Harvard University’s strong move to encourage open access is not an isolated instance. It is hugely encouraging to note the rapid pace of change in the United States on open access issues since the passing of the bill late last year, which made mandatory the National Institutes of Health’s Public Access Policy.

For example, the University of Berkeley recently announced the Berkeley Research Impact Initiative, which sets up a central open access fund to assist Berkeley researchers who wish to publish in open access journals. Later this month, Berkeley will also play host to the inaugural US meeting in relation to the SCOAP3 initiative in particle physics. SCOAP3 is a consortium of the world’s major particle physics laboratories which has set itself the ambitious yet achievable aim of switching the whole particle physics literature to an open access model, en masse.

What is clear is that the need for open access, and the failure of the traditional model of scientific publishing to make full use of the internet’s potential in this respect, are no longer issues of interest only to librarians or to activists These issues are now recognized to be important ones that all serious research institutions need to consider. The recent steps taken by Harvard and Berkeley show that universities are just as willing as research funders to take a stand on this issue. Open access is no longer just a nice idea, but is a concrete objective and over the course of 2008, the key focus will be not on rhetoric, but on the practical issues necessary to make wide-scale open access a reality.

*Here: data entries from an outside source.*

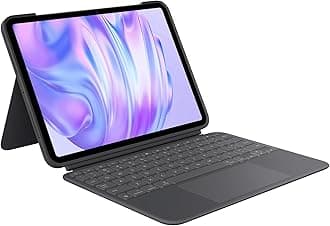 Logitech Combo Touch iPad Pro 11-inch (M4 & M5)(2024 & 2025) Keyboard Case - Detachable Backlit Keyboard with Kickstand, Comfortable Typing, USB Connectivity, Multi-use Mode - Midnight Black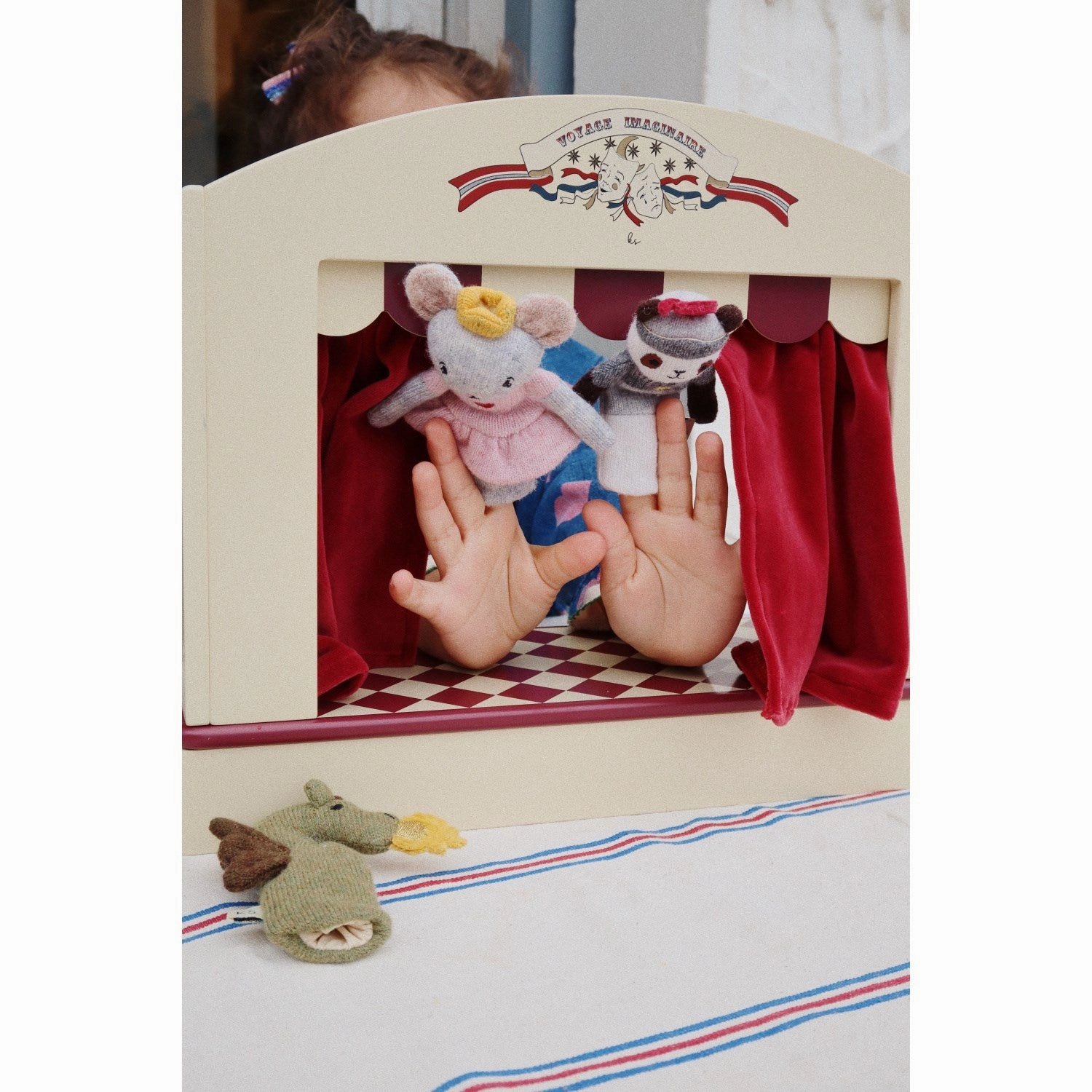 Konges Sljd Dried Sage Wooden Puppet Theater Fsc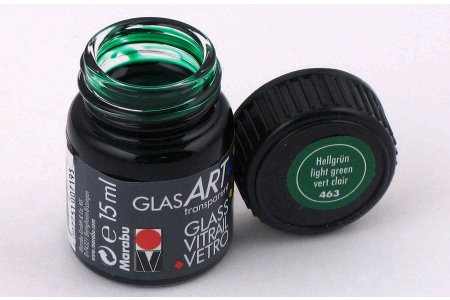 Витражная краска Marabu GlasArt, светло-зеленый (463), 15мл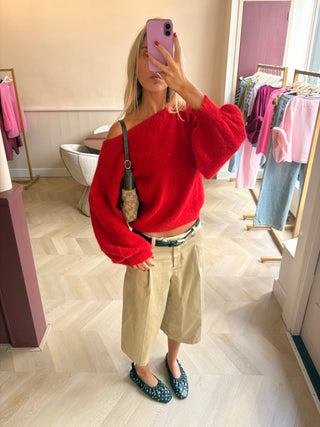 Copenhagen Cardigan Red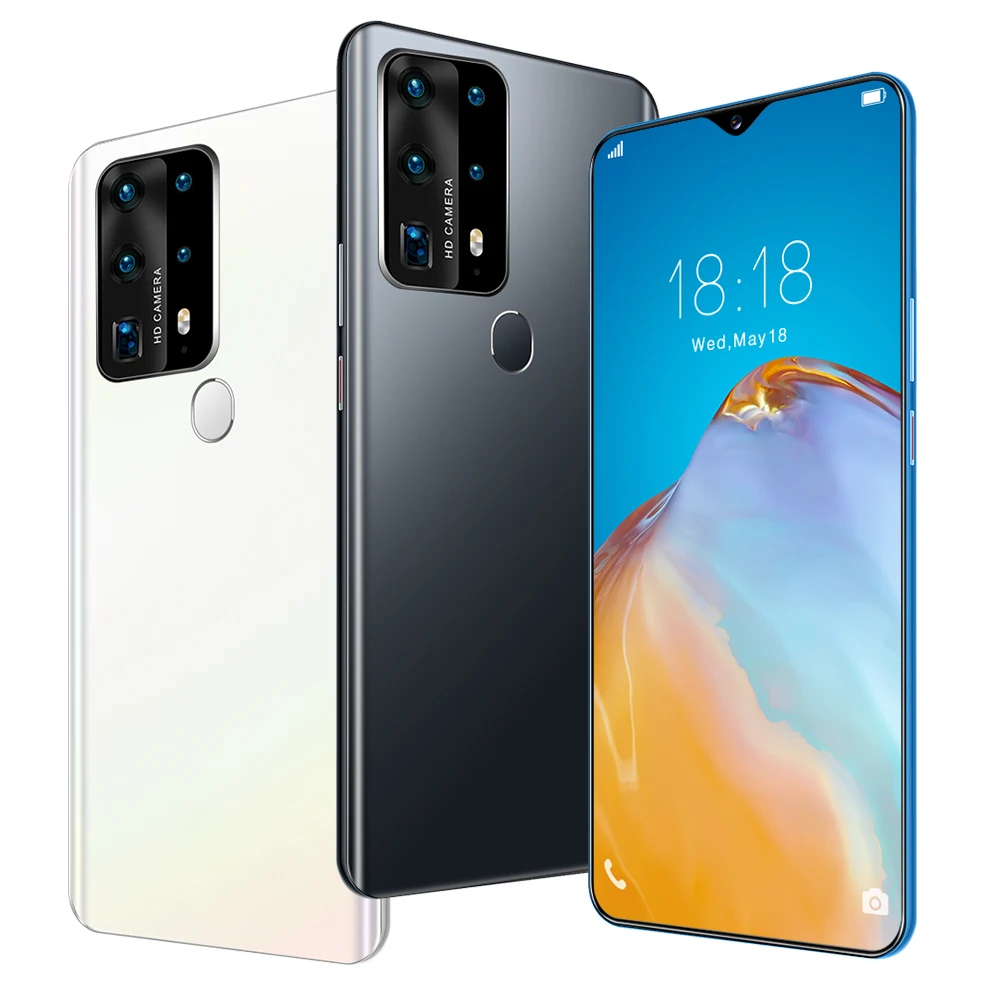 2021 New P40 Pro+ Smartphone With 6.6 Inch Screen Face UnLock Cellphone With Dual SIM Cards P40Pro+ Mobile phone, White/black/blue
2021 New P40 Pro+ Smartphone With 6.6 Inch Screen Face UnLock Cellphone With Dual SIM Cards P40Pro+ Mobile phone, White/black/blue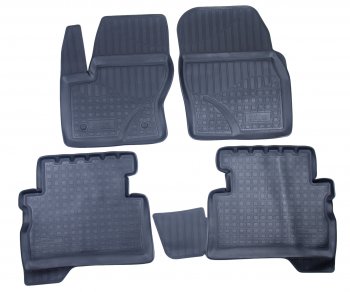 1 999 р. Коврик салона FORD Kuga (13-) полиуретан (4 предм.) NORPLAST NORPLAST npa11-c22-400  с доставкой в г. Пермь. Увеличить фотографию 1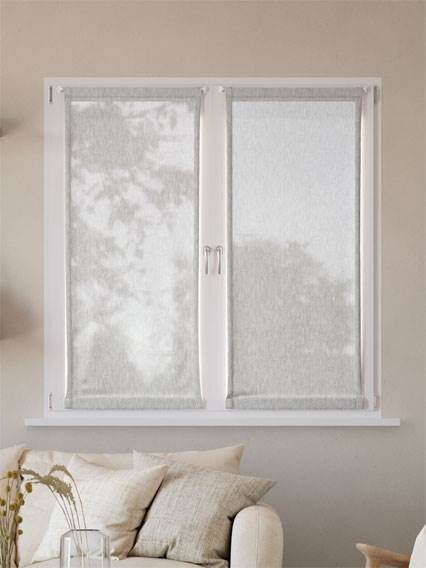 Voile Fumé  Cafe Curtain anteprima immagine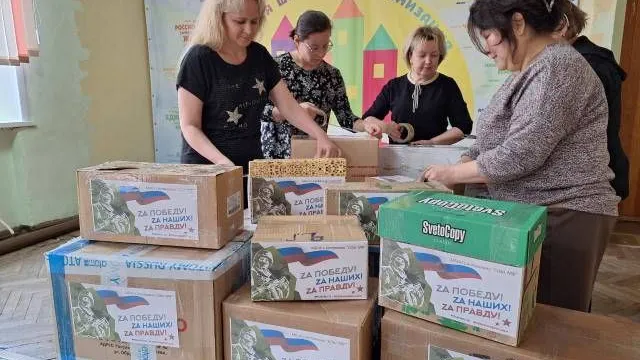 Астраханские дети написали участникам СВО тысячи писем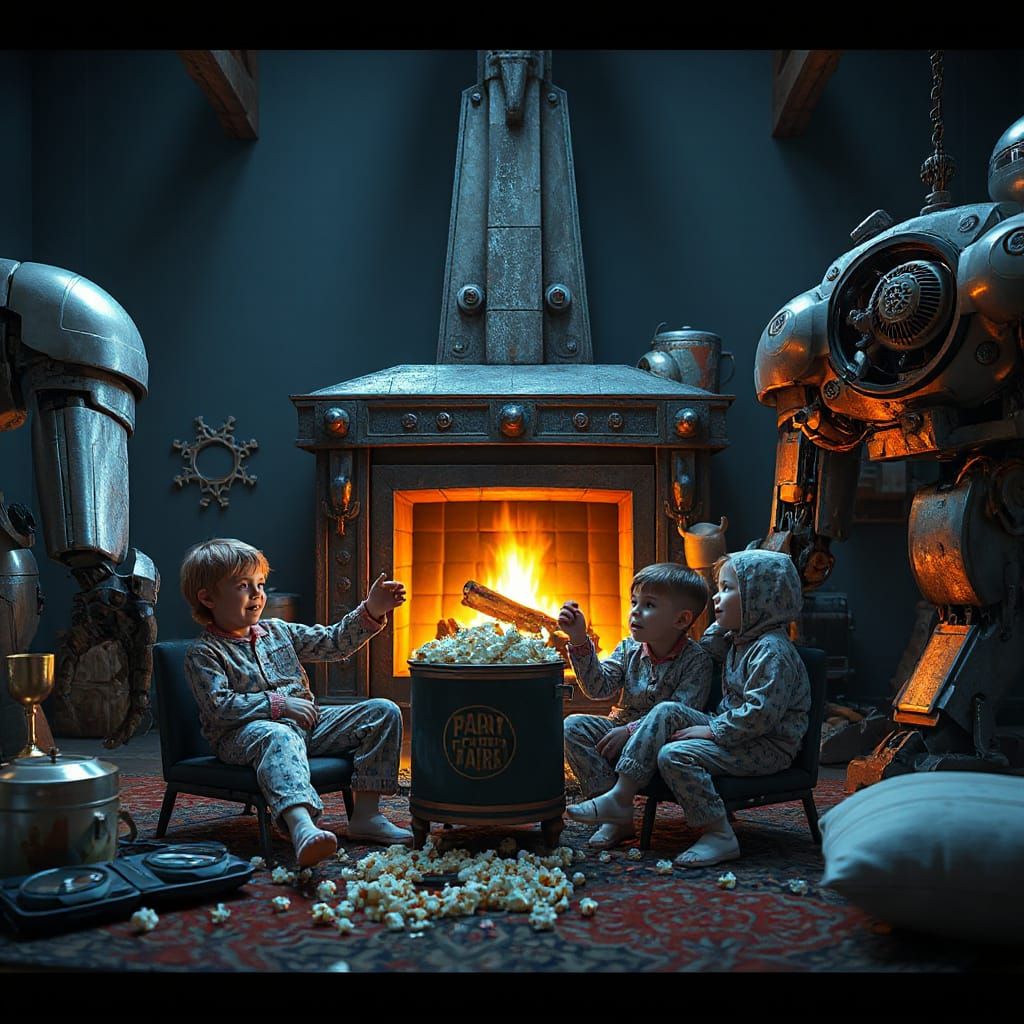 Children's Pyjama Party with Sci-Fi Details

Update: Here is the official announcement from Harvard 

  • http://users.ecs.soton.ac.uk/harnad/ stevan harnad

    Optimizing Harvard’s OA Mandate

    Here are a few small but crucial changes to the current wording of the Harvard OA Mandate that will immunize the deposit requirement against any opt-outs from the copyright-retention requirement. They will increase the probability that Harvard’s mandate will succeed and that it will be taken up by other universities (note the re-ordering of the clauses, and the addition of the italicized passages):

    Motion on behalf of the Provost’s Committee on Scholarly Publishing:

    The Faculty of Arts and Sciences of Harvard University is committed to disseminating the fruits of its research and scholarship as widely as possible. In keeping with that commitment, the Faculty adopts the following policy:

    [DEPOSIT MANDATE] To assist the University in providing Open Access to all scholarly articles published by its Faculty members, each Faculty member is required to provide, immediately upon acceptance for publication, an electronic copy of the final version of each article at no charge to the appropriate representative of the Provost’s Office in an appropriate format (such as PDF) specified by the Provost’s Office. This can be done either by depositing it directly in Harvard’s Institutional Repository or by emailing it to the Provost’s Office to be deposited on the author’s behalf.

    [COPYRIGHT RETENTION POLICY] Each Faculty member is also encouraged to grant to the President and Fellows of Harvard College permission to make available his or her scholarly articles and to exercise the copyright in those articles. In legal terms, the permission granted by each Faculty member is a nonexclusive, irrevocable, paid-up, worldwide license to exercise any and all rights under copyright relating to each of his or her scholarly articles, in any medium, and to authorize others to do the same, provided that the articles are not sold for a profit.

    [POLICY OPT-OUT CLAUSE] The copyright retention and licence-granting policy will apply to all scholarly articles written while the person is a member of the Faculty except for any articles completed before the adoption of this policy and any articles for which the Faculty member entered into an incompatible licensing or assignment agreement before the adoption of this policy. The Dean or the Dean’s designate will waive application of the policy for a particular article upon written request by a Faculty member explaining the need.

    The Office of the Dean will be responsible for interpreting this policy, resolving disputes concerning its interpretation and application, and recommending changes to the Faculty from time to time. The policy will be reviewed after three years and a report presented to the Faculty.

    Stevan Harnad
    American Scientist Open Access Forum

  • http://www.biomedcentral.com matthew cockerill

    Harvard’s move has generated a vast amount of comment and discussion around the web.

    Peter Suber’s open access blog has collated many links to much of this commentary. Particularly notable are several editorials calling for similar moves at other US academic institutions.

  • http://www.konotey-ahulu.com felix i d konotey-ahulu md(lond) frcp dtmh

    Congratulations! This will be of great help to African Institutions. Thank you.